O cinema num regime totalitário

09 2015 | 9a edição
Texto/Ng Kin Ling

O filme iraniano Taxi venceu este ano dois importantes prémios do Festival Internacional de Cinema de Berlim—o Urso de Ouro para melhor filme e o prémio da Federação Internacional de Críticos de Cinema, Fipresci. Jafar Panahi escreveu, realizou e representou neste falso documentário, interpretando o papel de um taxista que, num ambiente de repressão governamental, instala uma câmara de vídeo no tablier do táxi e filma secretamente diversos passageiros para abordar várias questões sociais do Irão.


Não é a primeira vez que um filme iraniano leva para casa um prémio internacional. Em 2009, About Elly, com direcção de Asghar Farhadi, venceu o Urso de Prata para melhor realizador no Festival Internacional de Cinema de Berlim; e em 2011 Uma Separação, do mesmo realizador, foi eleito o melhor filme estrangeiro na 84ª edição dos Óscares da Academia e na 69ª edição dos Globos de Ouro, vencendo também o Urso de Ouro no Festival Internacional de Cinema de Berlim. Adepto de Hitchcock, Asghar Farhadi é especialista em trabalhar as batalhas interiores da mulher em sociedades autoritárias.

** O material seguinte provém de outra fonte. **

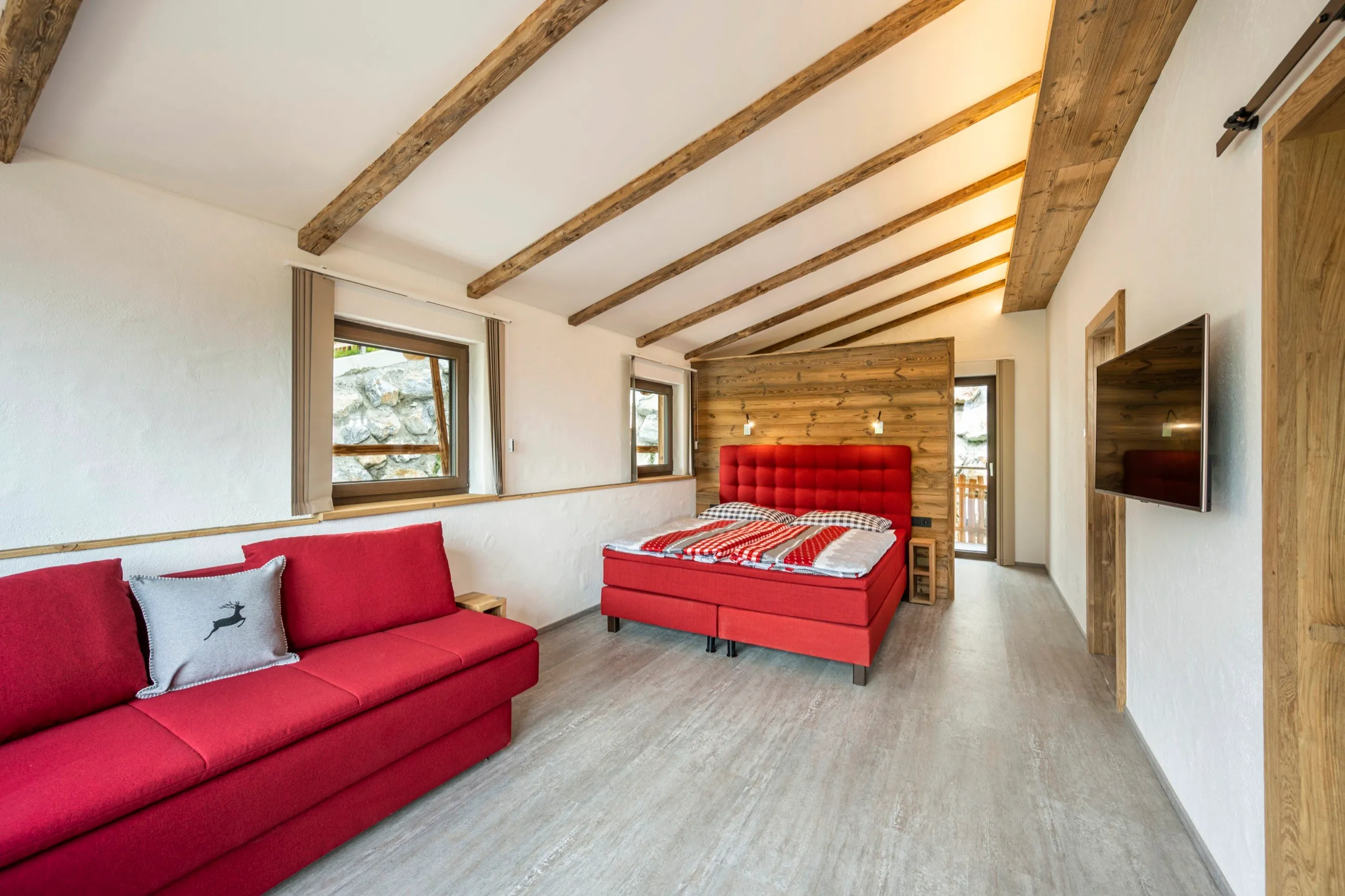 Schlafzimmer mit rotem Sofa und Doppelbett unter Holzbalken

Fazer filmes no Irão não é nada fácil: com a Revolução Iraniana de 1979, o governo começou a asfixiar a indústria cinematográfica, acusando-a de “corrupção moral”. Isto durou até 1997, quando o reformista Mohammad Khatami subiu à presidência e implementou uma política liberal e inclusiva para a cultura. A partir dessa altura, o cinema iraniano começou a correr mundo e a ser galardoado, como é caso de The Children of Heaven, Taste of Cherry, entre outros. Mas quando Hawkish Mahmoud Ahmadinejad subiu ao poder em 2005, a censura voltou a limitar a indústria do cinema, levando até à detenção e prisão de produtores cinematográficos. Em 2010, Asghar Farhadi fez um apelo ao governo para permitir o regresso ao país de cineastas no exílio, sendo fortemente criticado pelas autoridades. A produção de Uma Separação esteve interrompida até Farhadi pedir desculpas publicamente. Jafar Panahi esteve seis anos preso por “colocar em perigo a segurança nacional” e foi proibido de sair do país e conceder entrevistas nos últimos 20 anos.


A viver neste tipo de atmosfera política, os cineastas têm de se movimentar num espaço delicado. Por exemplo, Uma separação toca questões sociais através da crise conjugal de uma família apenas para escapar a uma investigação oficial; o realizador de Taxi foi proibido de filmar mas assumiu o risco, gravou nas ruas em segredo e enviou o resultado para fora do país. Ambos fizeram-no simplesmente por amor ao cinema.


Uma Separação não conseguiu escapar aos ataques indiscriminados dos conservadores do país, que o consideraram imoral. Felizmente, nos Óscares, o filme bateu Footnote do seu país rival, Israel, vencendo a categoria de melhor filme estrangeiro. Foi de imediato “colocado num pedestal”, deixando de ser imoral. Em contrapartida, Taxi não teve tanta sorte: foi banido do país, Panahi continuou a ser impedido de trabalhar e faltou mesmo ao Festival Internacional de Cinema de Berlim. Foi a sua sobrinha que recebeu o prémio.


Na verdade, o Irão só precisa de apostar mais na inclusão para desenvolver a indústria cultural, que se baseia nos seus cineastas talentosos. Estes filmes iranianos, banidos e suprimidos, foram autênticos sucessos de bilheteira. Os custos de produção de Uma separação totalizaram meio milhão de dólares americanos. Até Dezembro de 2014, o filme tinha arrecadado 22 milhões de dólares em receitas de bilheteira—provavelmente é mais rentável que a exportação de pistácio e tapetes.


A indústria cinematográfica permite até que o mundo tenha um maior entendimento do país, que é visto como o “Eixo do Mal”. Quando Uma Separação chegou aos cinemas israelitas, o jornal britânico The Guardian fez entrevistas de rua. Algumas pessoas disseram: “Eu apenas aprendi que os homens no Irão vestem fato, conduzem automóveis e até têm máquinas de lavar em casa!”


A chave para a compreensão mútua sempre foi a abertura e a inclusão, não a política da censura.